During this period, women became part of publishing and the book business to an unprecedented degree, and they made their mark as publishers, editors, writers, and readers, perhaps most visibly within the mass-market domain of paperbacks and bestsellers. The history of their impact on the events I have described still remains to be written. “All publishing was run by many badly-paid women and a few much better paid men: an imbalance that women were, of course, aware of, but which they seemed to take for granted”, writes Diana Athill, long-time editor (and partner) at André Deutsch in her book
Stet: A Memoir
(2000). An exception to the lack of documentation on the role of women in publishing, Athill’s fifty-year career as editor represents a firsthand experience of how publishing once was allowed to operate according to charmingly idiosyncratic rules but then became just one cog in the media machine that in the end is just there to enhance the total value of the parent conglomerate. Today, books are by and large expected to meet much higher profit margins. Since it is equally desirable that they perform well individually rather that in the context of a complete publishing program, internal subsidization and long-term investments are no longer considered part of a viable publishing strategy.

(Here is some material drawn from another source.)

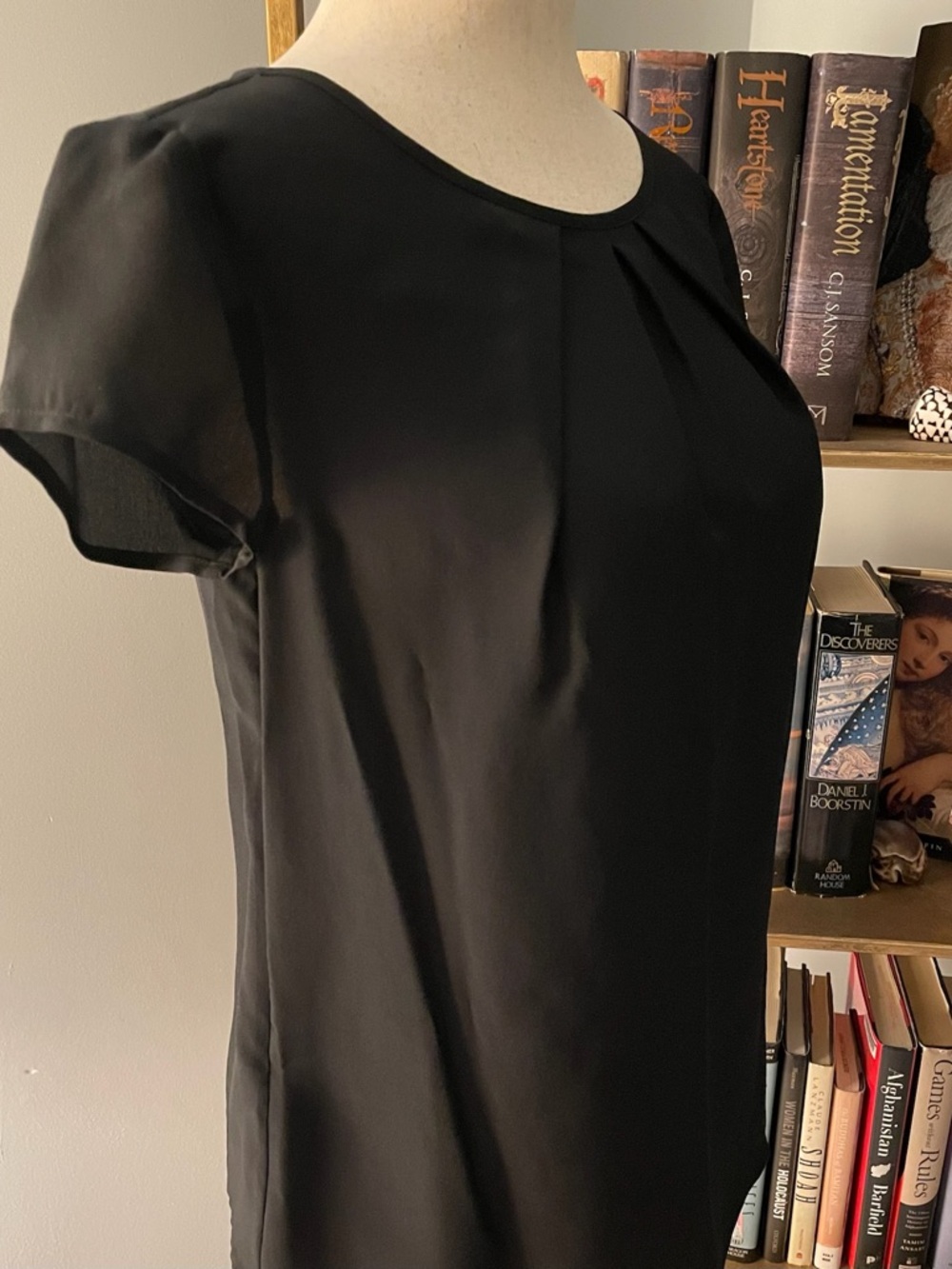 Ann Taylor 100% Silk Black Short Cap Sleeve Blouse Shell - Picture 6 of 13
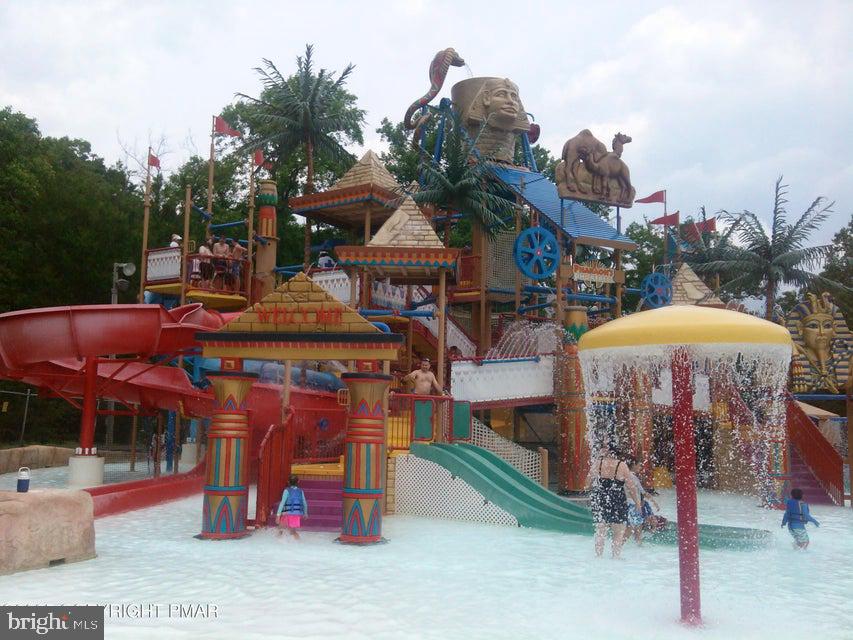 EMERALD LAKES - Residential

Where once there was a publishing house relentlessly searching for quality or a bookshop with an owner passionate to promote a good read, now stretches the desertlike corporate spaces of major multinational media conglomerates whose understanding and appreciation of books and reading is close to nil. In fact, this is no doubt an oversimplified account of the current state of affairs, if for no other reason than that it assumes too much, both of the present
and
of the past.

In trying to summarize these developments, one finds, perhaps inevitably, both pros and cons. Despite the fact that they made independent booksellers go out of business, the arrival of the multi-stores Barnes & Noble, Borders, and Waterstones have helped to create a new form of public space. The technological advances of print-on-demand and e-books might solve permanently the problem of keeping seldom-asked-for titles available. However, looked at from another perspective, this technological wonderland can be counterproductive, hindering public accessibility to a wide range of literature by celebrating a market dedicated to a mass audience. However, the mushrooming of transnational media conglomerates have not been an obstacle to the simultaneous growth of small and specialized publishers which can be both successful and quality-conscious, and the Internet holds the potential for fostering new, niche presses. The mergers and acquisitions will no doubt continue, just as assuredly as the players and corporations involved will have different names.